Decitabine

Clinical data
- Trade names: Dacogen, Demylocan
- Other names: 5-aza-2'-deoxycytidine
- AHFS/Drugs.com: Monograph
- MedlinePlus: a608009
- License data: US DailyMed: Decitabine;
- Routes of administration: Intravenous
- ATC code: L01BC08 (WHO) ;

Legal status
- Legal status: CA: ℞-only; US: ℞-only; EU: Rx-only; In general: ℞ (Prescription only);

Pharmacokinetic data
- Protein binding: <1%
- Elimination half-life: 30 minutes

Identifiers
- IUPAC name 4-Amino-1-(2-deoxy-β-D-erythro-pentofuranosyl)-1,3,5-triazin-2(1H)-one;
- CAS Number: 2353-33-5;
- PubChem CID: 451668;
- IUPHAR/BPS: 6805;
- DrugBank: DB01262;
- ChemSpider: 397844;
- UNII: 776B62CQ27;
- KEGG: D03665;
- ChEBI: CHEBI:50131;
- ChEMBL: ChEMBL1201129;
- CompTox Dashboard (EPA): DTXSID7030432 ;
- ECHA InfoCard: 100.017.355

Chemical and physical data
- Formula: C_{8}H_{12}N_{4}O_{4}
- Molar mass: 228.208 g·mol^{−1}
- 3D model (JSmol): Interactive image;
- SMILES O=C1/N=C(\N=C/N1[C@@H]2O[C@@H]([C@@H](O)C2)CO)N;
- InChI InChI=1S/C8H12N4O4/c9-7-10-3-12(8(15)11-7)6-1-4(14)5(2-13)16-6/h3-6,13-14H,1-2H2,(H2,9,11,15)/t4-,5+,6+/m0/s1; Key:XAUDJQYHKZQPEU-KVQBGUIXSA-N;

= Decitabine =

Medication for the treatment of conditions where certain blood cells are dysfunctional,

Decitabine (i.e., 5-aza-2′-deoxycytidine), sold under the brand name Dacogen among others, acts as a nucleic acid synthesis inhibitor. It is a medication for the treatment of myelodysplastic syndromes, a class of conditions where certain blood cells are dysfunctional, and for acute myeloid leukemia (AML). Chemically, it is a cytidine analog.

==Medical uses==
Decitabine is used to treat myelodysplastic syndromes (MDS) including previously treated and untreated, de novo and secondary MDS of all French-American-British subtypes (refractory anemia, refractory anemia with ringed sideroblasts, refractory anemia with excess blasts, refractory anemia with excess blasts in transformation, and chronic myelomonocytic leukemia) and Intermediate-1, Intermediate-2, and High-Risk International Prognostic Scoring System groups. In patients with chronic kidney disease, Batty and colleagues reported the first case series on the feasibility of therapy with hypomethylating agents in patients with chronic kidney disease.

It also has EU approval for acute myeloid leukemia (AML).

==Pharmacology==

Decitabine is a hypomethylating agent.

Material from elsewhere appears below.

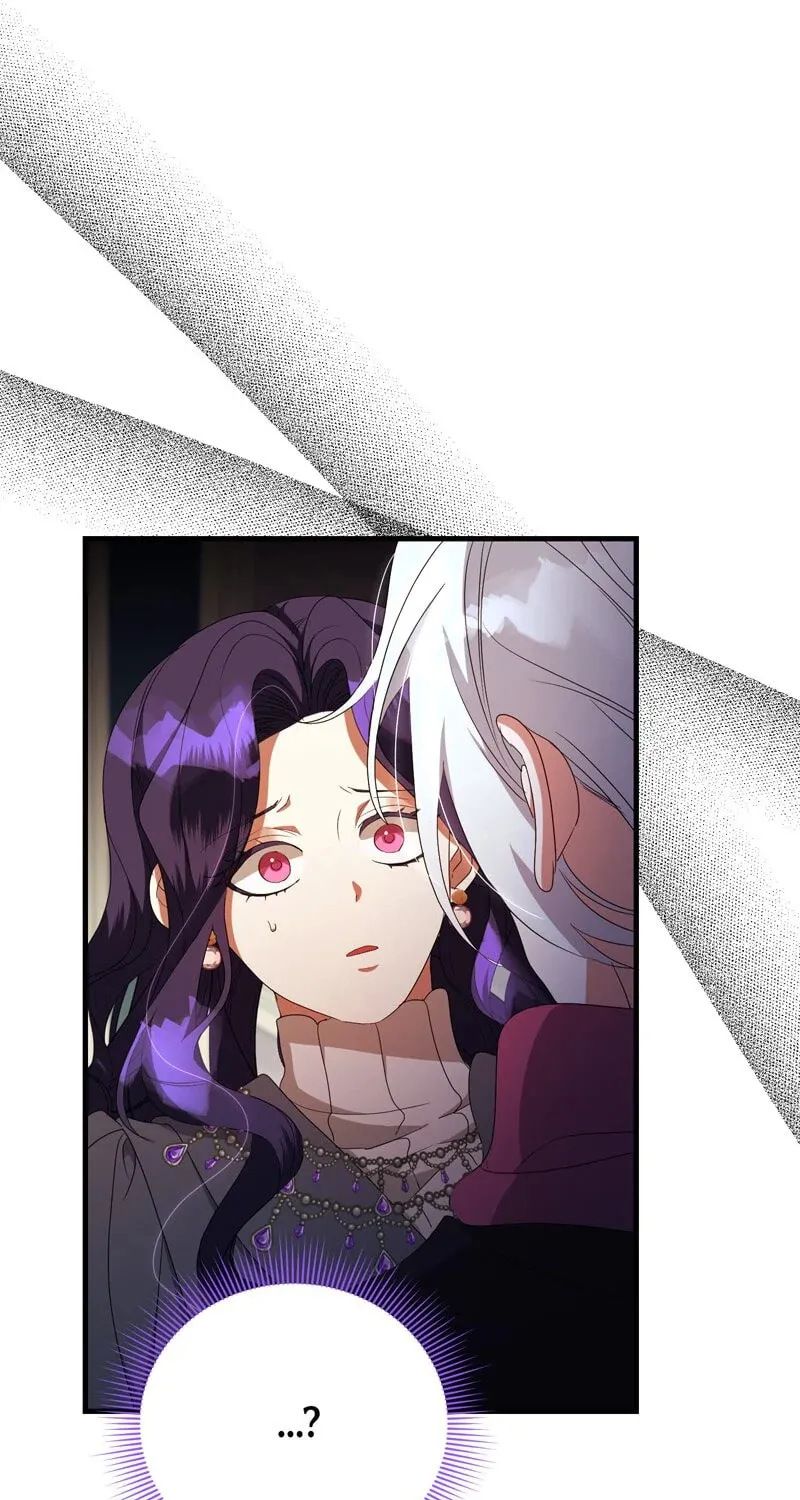 The Villainess Is Done Trying Chapter 43 page 3 -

It hypomethylates DNA by inhibiting DNA methyltransferase.

It functions in a similar manner to azacitidine, although decitabine can only be incorporated into DNA strands while azacitidine can be incorporated into both DNA and RNA chains.

It incorporates into DNA strands upon replication, and then when DNA methyltransferases (DNMTs) such as DNMT1, are engaged to bind the DNA and to replicate the methylation to the daughter strand, DNMTs are bound to decitabine irreversibly and cannot disengage. Therefore, the action of decitabine is division-dependent, meaning the cells have to divide in order for the pharmaceutical to act.
Therefore, cancer cells which divide much more rapidly than most other cells in the body will be more severely affected by decitabine just because they replicate more. It seems that DNA hypermethylation is critical for development of cancer cells, and specifically for haematological malignancies. Methylation of CpG islands upstream of tumor suppressor genes in order to silence them seems to be critical for these types of cancers. Thus at optimal doses, decitabine blocks this type of methylation and has an anti-neoplastic effect.

In addition to its nucleic acid synthesis inhibition, decitabine may act as a serotonin 5-HT_{1A} receptor agonist.

== Research ==
===Atherosclerosis===
A number of investigators have shown a relationship between atherosclerosis and disturbed blood flow. This upregulates DNA methyltransferase expression, which leads to genome-wide DNA methylation alterations and global gene expression changes. These studies have revealed several mechanosensitive genes, such as HoxA5, Klf3, and Klf4, whose promoters were hypermethylated by disturbed blood flow, but rescued by DNA methyltransferases inhibitors such as 5-aza-2'-deoxycytidine. It has been found that use of this DNA methyltranferase inhibitor prevents atherosclerosis lesion formation and reduces the production of inflammatory cytokines by macrophages.